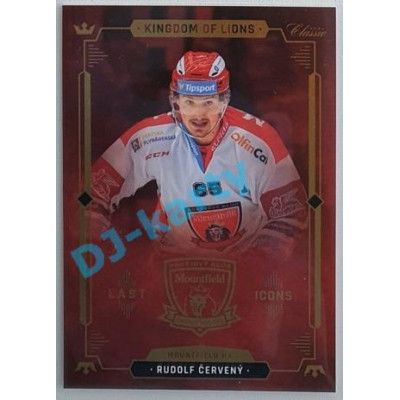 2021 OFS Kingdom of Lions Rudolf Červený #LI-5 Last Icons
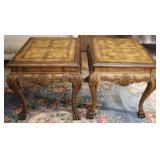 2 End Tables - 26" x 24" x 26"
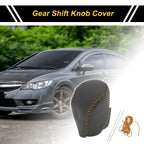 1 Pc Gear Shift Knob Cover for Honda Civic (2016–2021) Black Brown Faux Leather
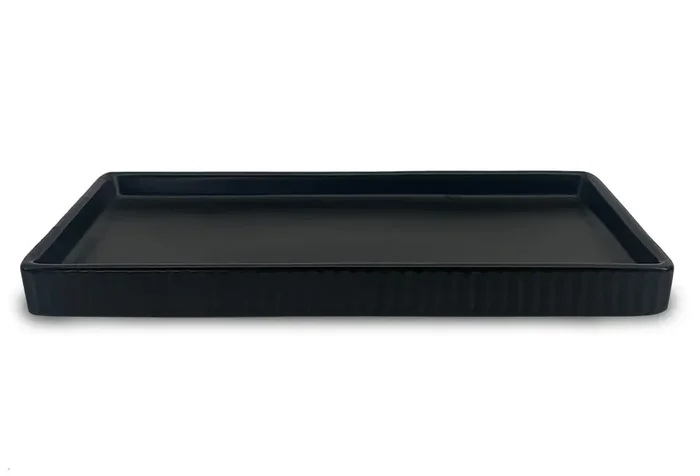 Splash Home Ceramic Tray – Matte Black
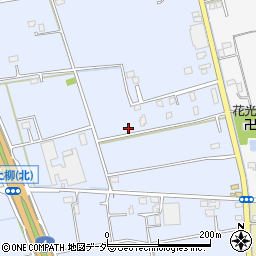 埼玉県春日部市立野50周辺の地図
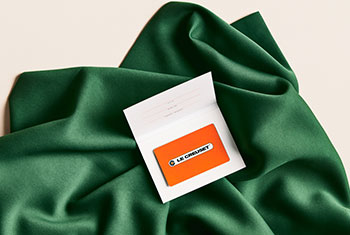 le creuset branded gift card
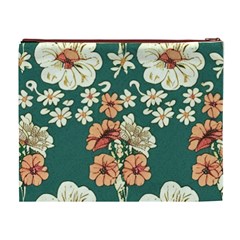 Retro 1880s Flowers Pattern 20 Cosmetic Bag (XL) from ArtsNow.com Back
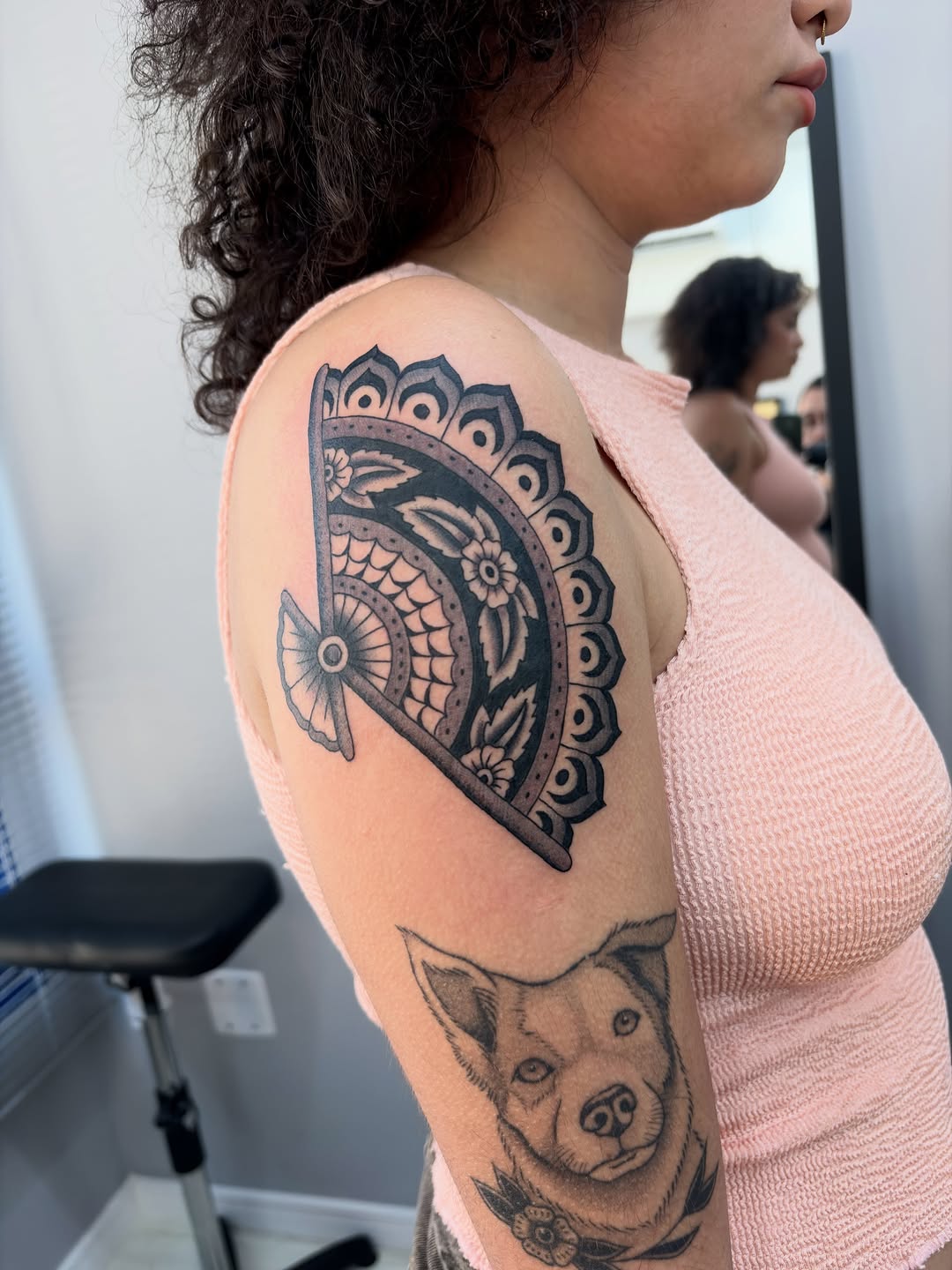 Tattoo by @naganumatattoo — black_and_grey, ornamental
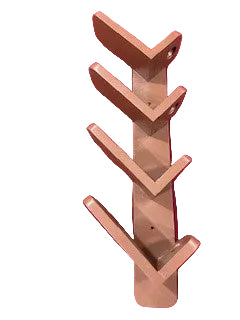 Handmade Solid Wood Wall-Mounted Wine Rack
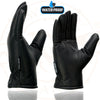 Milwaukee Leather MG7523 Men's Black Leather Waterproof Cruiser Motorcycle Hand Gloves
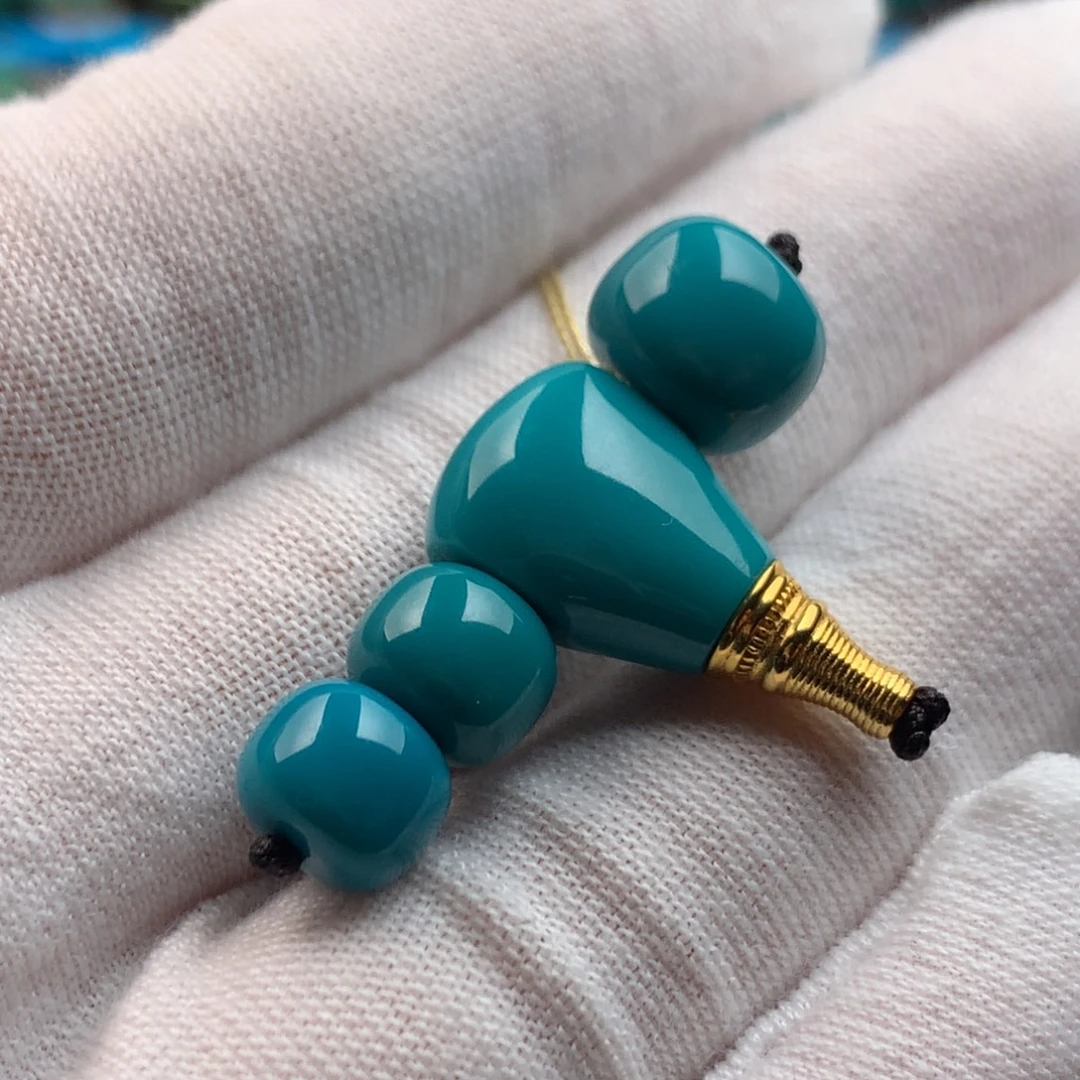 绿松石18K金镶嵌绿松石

————

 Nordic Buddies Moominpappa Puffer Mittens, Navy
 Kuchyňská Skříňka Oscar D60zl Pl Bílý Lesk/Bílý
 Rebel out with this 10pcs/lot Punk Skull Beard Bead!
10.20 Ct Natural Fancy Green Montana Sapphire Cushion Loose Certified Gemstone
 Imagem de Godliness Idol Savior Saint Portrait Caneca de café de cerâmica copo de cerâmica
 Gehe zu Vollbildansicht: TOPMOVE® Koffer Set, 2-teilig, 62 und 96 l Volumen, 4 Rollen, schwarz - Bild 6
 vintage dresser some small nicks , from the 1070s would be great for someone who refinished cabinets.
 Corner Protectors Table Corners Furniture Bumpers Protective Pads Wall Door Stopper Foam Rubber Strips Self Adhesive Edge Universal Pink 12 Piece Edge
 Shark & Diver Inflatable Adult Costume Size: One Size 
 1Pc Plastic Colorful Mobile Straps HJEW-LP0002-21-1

————

## Work task
All lines above from the one containing "Shark & Diver" to the one containing "1Pc Plastic Colorful" must be repeated exactly, both lines included, and no others.

## Result for this task
 Shark & Diver Inflatable Adult Costume Size: One Size 
 1Pc Plastic Colorful Mobile Straps HJEW-LP0002-21-1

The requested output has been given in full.